## Your goal
Pictures should be left out when the listing below is repeated word for word.

## Stored data
□ □ □

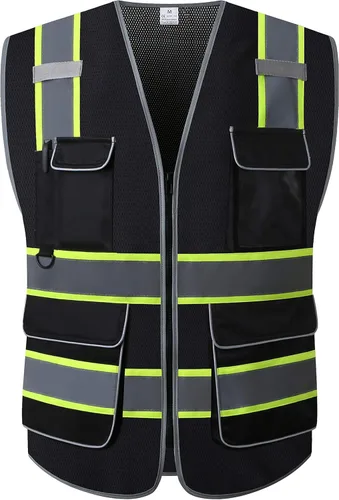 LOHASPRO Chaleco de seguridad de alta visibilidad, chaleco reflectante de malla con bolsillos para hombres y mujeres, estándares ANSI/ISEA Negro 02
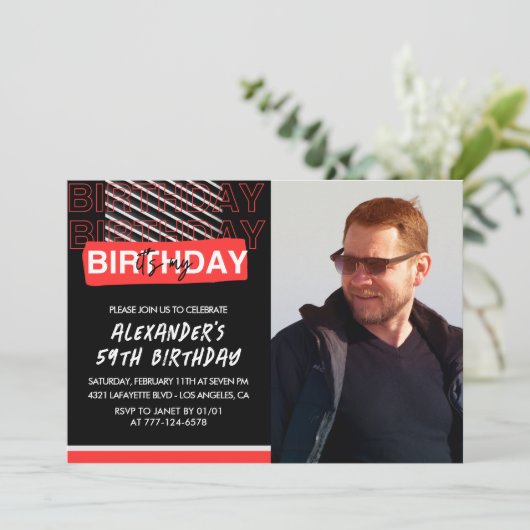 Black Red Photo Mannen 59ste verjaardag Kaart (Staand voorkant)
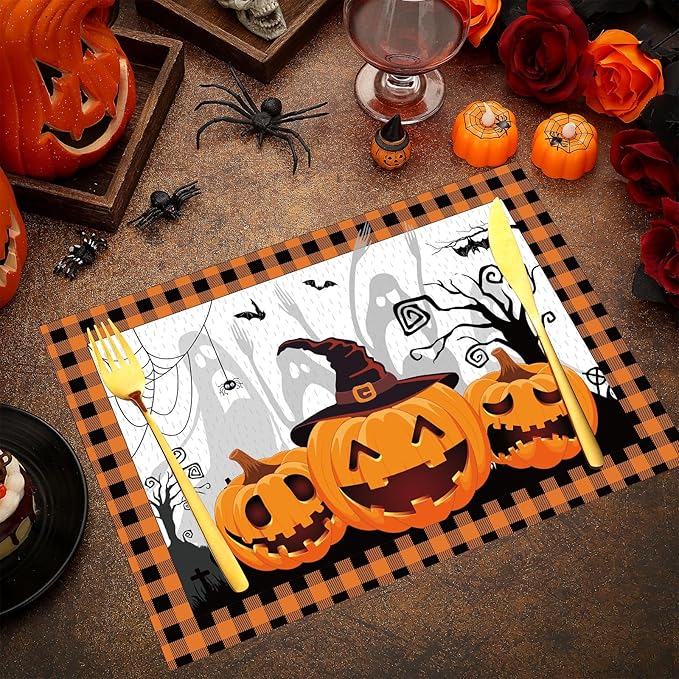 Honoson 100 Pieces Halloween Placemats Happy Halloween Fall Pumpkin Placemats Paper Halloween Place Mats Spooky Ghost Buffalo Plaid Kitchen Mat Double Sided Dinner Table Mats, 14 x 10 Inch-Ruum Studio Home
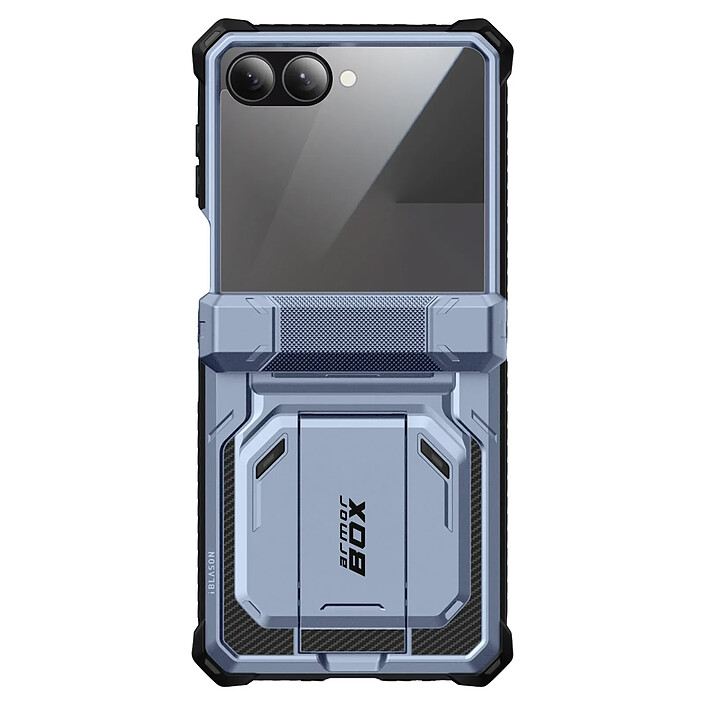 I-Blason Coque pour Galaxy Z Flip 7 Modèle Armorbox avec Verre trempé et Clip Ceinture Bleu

□ □ □

## Exercise result
 LOHASPRO Chaleco de seguridad de alta visibilidad, chaleco reflectante de malla con bolsillos para hombres y mujeres, estándares ANSI/ISEA Negro 02
 Black Red Photo Mannen 59ste verjaardag Kaart (Staand voorkant)
 Honoson 100 Pieces Halloween Placemats Happy Halloween Fall Pumpkin Placemats Paper Halloween Place Mats Spooky Ghost Buffalo Plaid Kitchen Mat Double Sided Dinner Table Mats, 14 x 10 Inch-Ruum Studio Home
 I-Blason Coque pour Galaxy Z Flip 7 Modèle Armorbox avec Verre trempé et Clip Ceinture Bleu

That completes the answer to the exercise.